[DATA PROVIDED]

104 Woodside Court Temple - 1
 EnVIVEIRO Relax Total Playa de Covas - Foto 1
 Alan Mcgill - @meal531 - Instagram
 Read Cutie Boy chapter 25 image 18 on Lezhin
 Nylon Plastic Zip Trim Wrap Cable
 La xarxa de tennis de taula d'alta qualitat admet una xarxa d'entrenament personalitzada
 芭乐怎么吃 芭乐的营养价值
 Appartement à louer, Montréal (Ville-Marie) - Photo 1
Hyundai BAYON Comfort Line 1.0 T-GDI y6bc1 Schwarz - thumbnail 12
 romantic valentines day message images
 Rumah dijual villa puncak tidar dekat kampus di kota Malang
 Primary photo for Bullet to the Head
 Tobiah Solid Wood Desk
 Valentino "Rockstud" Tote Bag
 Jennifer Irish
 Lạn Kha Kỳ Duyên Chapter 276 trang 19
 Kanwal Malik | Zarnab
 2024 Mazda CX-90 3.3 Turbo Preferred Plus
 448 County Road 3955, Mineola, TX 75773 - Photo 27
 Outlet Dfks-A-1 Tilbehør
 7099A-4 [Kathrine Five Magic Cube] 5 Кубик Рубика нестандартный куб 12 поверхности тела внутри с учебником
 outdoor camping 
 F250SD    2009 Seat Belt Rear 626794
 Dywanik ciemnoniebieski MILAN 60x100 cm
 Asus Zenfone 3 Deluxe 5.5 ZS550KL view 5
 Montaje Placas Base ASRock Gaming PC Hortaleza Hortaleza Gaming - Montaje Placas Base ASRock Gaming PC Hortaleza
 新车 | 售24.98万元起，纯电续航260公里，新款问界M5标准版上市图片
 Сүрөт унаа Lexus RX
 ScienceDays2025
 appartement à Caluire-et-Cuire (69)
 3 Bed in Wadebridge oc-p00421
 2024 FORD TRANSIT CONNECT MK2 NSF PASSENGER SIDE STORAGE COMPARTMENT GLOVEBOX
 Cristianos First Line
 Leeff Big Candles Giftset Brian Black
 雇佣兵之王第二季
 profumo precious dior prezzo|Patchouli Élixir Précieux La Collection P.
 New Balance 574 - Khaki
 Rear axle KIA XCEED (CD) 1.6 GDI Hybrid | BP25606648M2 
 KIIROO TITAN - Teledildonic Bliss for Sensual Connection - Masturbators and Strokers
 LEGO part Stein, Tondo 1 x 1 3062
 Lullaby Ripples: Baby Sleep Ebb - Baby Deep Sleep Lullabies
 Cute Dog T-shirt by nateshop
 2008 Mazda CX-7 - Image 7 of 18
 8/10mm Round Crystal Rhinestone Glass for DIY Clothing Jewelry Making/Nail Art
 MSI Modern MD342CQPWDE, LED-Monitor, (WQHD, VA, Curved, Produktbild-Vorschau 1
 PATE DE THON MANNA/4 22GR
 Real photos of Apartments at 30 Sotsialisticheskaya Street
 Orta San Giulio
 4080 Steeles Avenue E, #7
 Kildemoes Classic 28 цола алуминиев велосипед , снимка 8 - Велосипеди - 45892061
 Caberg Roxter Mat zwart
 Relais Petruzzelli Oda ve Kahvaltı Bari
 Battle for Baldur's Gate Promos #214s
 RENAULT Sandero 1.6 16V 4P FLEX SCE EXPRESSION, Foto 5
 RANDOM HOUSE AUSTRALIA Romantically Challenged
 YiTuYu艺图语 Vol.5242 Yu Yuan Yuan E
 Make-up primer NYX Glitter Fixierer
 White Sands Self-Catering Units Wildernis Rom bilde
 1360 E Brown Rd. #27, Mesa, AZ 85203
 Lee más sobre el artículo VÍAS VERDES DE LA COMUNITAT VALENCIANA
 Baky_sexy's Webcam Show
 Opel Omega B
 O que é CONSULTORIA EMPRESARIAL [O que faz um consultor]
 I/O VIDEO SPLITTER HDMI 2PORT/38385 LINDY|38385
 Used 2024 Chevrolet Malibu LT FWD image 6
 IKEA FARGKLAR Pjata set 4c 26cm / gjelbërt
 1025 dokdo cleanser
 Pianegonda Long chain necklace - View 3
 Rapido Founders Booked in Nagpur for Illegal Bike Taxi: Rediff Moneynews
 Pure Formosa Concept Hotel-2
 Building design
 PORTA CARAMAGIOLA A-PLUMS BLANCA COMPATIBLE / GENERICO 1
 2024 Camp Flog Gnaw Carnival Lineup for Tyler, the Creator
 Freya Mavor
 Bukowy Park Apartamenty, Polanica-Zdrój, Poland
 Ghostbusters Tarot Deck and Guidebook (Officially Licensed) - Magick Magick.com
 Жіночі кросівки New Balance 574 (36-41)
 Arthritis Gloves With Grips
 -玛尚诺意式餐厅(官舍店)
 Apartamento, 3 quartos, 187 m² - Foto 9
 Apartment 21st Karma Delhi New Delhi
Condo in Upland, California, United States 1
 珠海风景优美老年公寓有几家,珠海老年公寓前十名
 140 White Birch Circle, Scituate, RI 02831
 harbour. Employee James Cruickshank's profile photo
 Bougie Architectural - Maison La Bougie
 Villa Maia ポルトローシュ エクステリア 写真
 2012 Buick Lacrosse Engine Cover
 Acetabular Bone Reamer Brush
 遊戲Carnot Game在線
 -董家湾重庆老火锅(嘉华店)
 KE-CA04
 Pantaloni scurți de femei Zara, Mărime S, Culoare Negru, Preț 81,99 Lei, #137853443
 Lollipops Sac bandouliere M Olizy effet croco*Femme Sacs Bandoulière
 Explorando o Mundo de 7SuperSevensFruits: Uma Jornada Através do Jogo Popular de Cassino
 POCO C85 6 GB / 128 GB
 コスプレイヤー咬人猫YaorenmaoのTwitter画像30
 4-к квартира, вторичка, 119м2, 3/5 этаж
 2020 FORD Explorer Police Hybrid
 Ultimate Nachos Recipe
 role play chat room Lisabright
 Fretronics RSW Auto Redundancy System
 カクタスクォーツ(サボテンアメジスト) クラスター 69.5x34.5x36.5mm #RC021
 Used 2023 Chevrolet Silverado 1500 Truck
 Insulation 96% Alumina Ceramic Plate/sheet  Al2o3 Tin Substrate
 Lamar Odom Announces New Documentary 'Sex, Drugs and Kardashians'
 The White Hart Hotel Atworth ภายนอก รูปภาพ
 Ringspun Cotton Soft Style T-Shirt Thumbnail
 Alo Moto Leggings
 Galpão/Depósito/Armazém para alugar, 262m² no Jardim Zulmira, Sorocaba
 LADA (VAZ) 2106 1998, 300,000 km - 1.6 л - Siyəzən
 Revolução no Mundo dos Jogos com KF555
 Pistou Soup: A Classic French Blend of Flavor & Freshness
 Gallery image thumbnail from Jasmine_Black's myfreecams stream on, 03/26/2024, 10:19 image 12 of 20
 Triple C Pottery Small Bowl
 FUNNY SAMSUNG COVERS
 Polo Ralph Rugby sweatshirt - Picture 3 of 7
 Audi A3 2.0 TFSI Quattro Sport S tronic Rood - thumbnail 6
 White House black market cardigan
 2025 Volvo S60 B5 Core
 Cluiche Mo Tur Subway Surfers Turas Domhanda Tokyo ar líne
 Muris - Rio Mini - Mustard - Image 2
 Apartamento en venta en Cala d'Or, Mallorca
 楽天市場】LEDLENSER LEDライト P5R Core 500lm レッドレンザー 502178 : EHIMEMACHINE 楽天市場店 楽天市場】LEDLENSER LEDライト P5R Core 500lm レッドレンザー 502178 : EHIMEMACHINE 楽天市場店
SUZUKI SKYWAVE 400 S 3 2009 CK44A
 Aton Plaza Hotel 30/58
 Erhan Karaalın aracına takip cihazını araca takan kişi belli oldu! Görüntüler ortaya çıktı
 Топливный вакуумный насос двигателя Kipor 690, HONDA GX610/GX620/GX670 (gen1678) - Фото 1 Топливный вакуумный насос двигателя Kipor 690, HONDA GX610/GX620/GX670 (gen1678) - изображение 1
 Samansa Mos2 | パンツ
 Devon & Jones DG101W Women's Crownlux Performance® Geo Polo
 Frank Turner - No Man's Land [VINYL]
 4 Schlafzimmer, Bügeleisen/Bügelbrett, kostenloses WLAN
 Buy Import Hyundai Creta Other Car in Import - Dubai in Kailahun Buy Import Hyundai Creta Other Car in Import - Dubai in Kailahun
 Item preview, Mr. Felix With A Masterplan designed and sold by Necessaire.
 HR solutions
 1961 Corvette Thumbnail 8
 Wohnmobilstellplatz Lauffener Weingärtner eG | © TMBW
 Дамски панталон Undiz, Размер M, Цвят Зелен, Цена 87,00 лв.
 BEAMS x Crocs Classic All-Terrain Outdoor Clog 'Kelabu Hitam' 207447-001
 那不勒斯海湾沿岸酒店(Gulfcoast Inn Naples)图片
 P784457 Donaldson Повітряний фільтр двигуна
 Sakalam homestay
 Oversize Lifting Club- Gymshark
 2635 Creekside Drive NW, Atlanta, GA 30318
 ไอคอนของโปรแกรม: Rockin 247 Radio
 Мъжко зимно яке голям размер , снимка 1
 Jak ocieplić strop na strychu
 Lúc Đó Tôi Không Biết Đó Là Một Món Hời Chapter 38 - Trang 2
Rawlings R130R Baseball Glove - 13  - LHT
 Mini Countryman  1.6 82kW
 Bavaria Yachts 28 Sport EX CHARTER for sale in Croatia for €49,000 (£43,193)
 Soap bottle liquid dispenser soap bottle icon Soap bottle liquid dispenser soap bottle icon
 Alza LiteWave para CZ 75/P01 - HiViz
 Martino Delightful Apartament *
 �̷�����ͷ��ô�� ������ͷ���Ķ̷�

[/DATA PROVIDED]

* WORK INSTRUCTIONS:
Set down exactly the lines of the data above, beginning with the line that has "Wohnmobilstellplatz Lauffener Weingärtner" and ending with the line that has "Soap bottle liquid dispenser soap bottle icon Soap", and no others.

* EXPECTED ANSWER:
 Wohnmobilstellplatz Lauffener Weingärtner eG | © TMBW
 Дамски панталон Undiz, Размер M, Цвят Зелен, Цена 87,00 лв.
 BEAMS x Crocs Classic All-Terrain Outdoor Clog 'Kelabu Hitam' 207447-001
 那不勒斯海湾沿岸酒店(Gulfcoast Inn Naples)图片
 P784457 Donaldson Повітряний фільтр двигуна
 Sakalam homestay
 Oversize Lifting Club- Gymshark
 2635 Creekside Drive NW, Atlanta, GA 30318
 ไอคอนของโปรแกรม: Rockin 247 Radio
 Мъжко зимно яке голям размер , снимка 1
 Jak ocieplić strop na strychu
 Lúc Đó Tôi Không Biết Đó Là Một Món Hời Chapter 38 - Trang 2
Rawlings R130R Baseball Glove - 13  - LHT
 Mini Countryman  1.6 82kW
 Bavaria Yachts 28 Sport EX CHARTER for sale in Croatia for €49,000 (£43,193)
 Soap bottle liquid dispenser soap bottle icon Soap bottle liquid dispenser soap bottle icon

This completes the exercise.